─── Data below ───

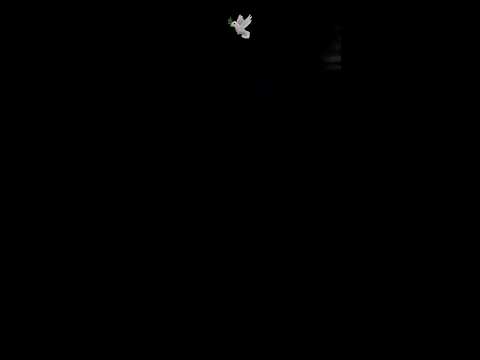 واقع وسط العقارب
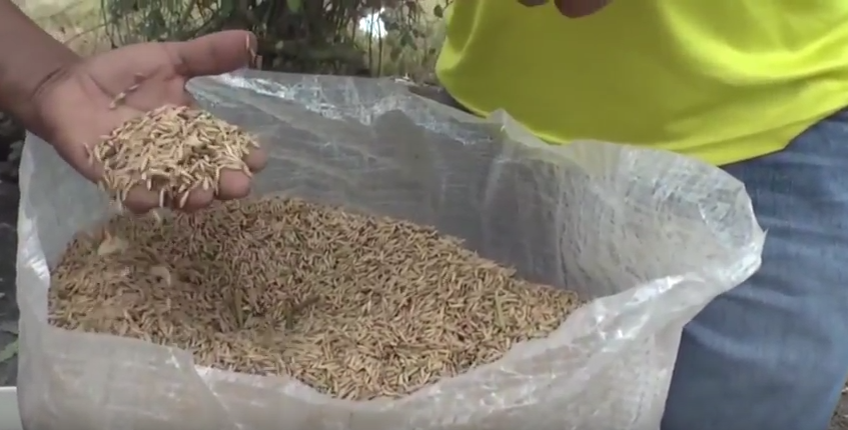 Senasica desmiente supuesto arroz de plástico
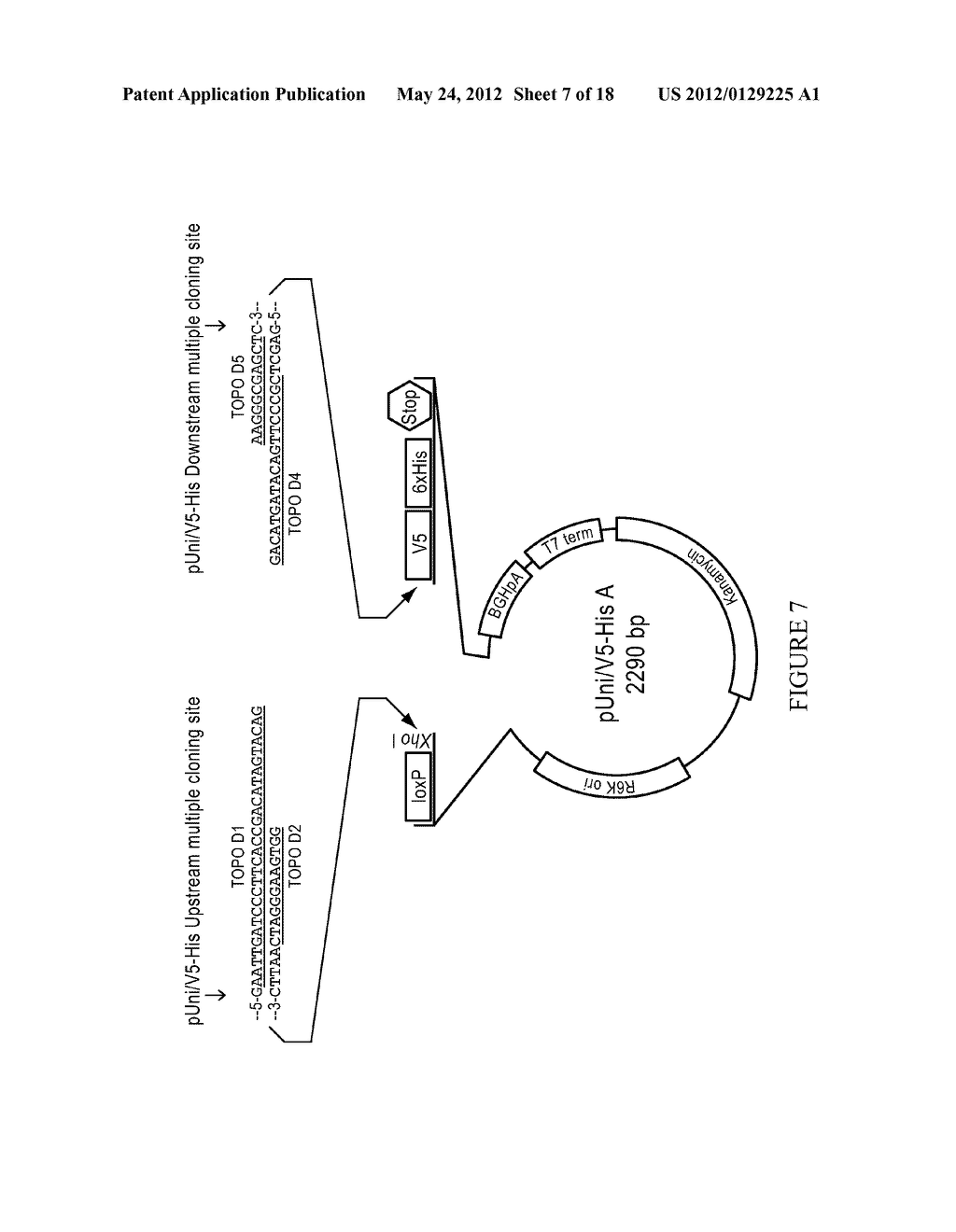 METHODS AND REAGENTS FOR MOLECULAR CLONING - diagram, schematic, and image 08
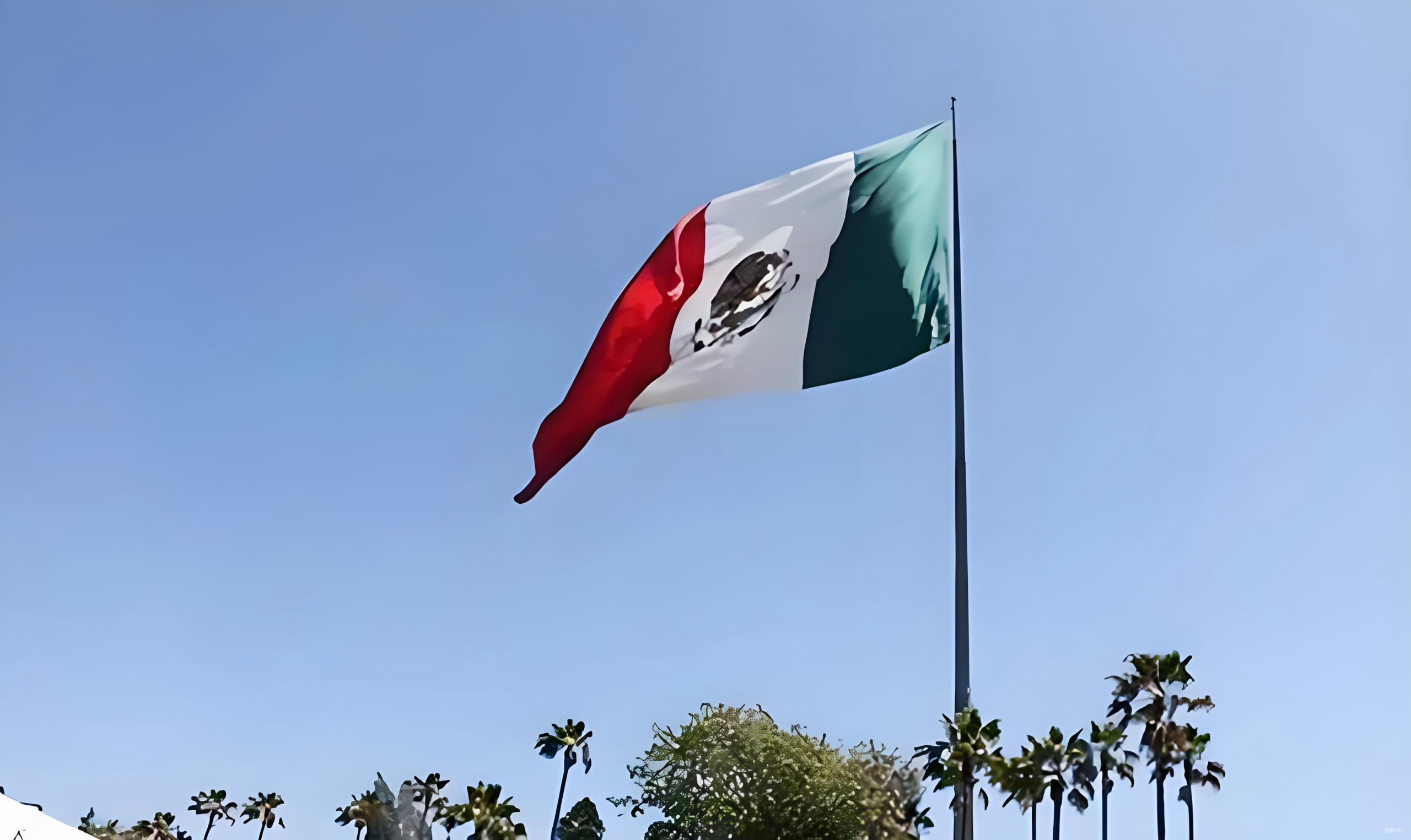 Amazon Now墨西哥快速配送服务指南，中国卖家机遇与政策解析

───

§ **Work request**: The data above is to be printed exactly, all of it, except for the pictures.

§ **Task response**:
 واقع وسط العقارب
 Senasica desmiente supuesto arroz de plástico
 METHODS AND REAGENTS FOR MOLECULAR CLONING - diagram, schematic, and image 08
 Amazon Now墨西哥快速配送服务指南，中国卖家机遇与政策解析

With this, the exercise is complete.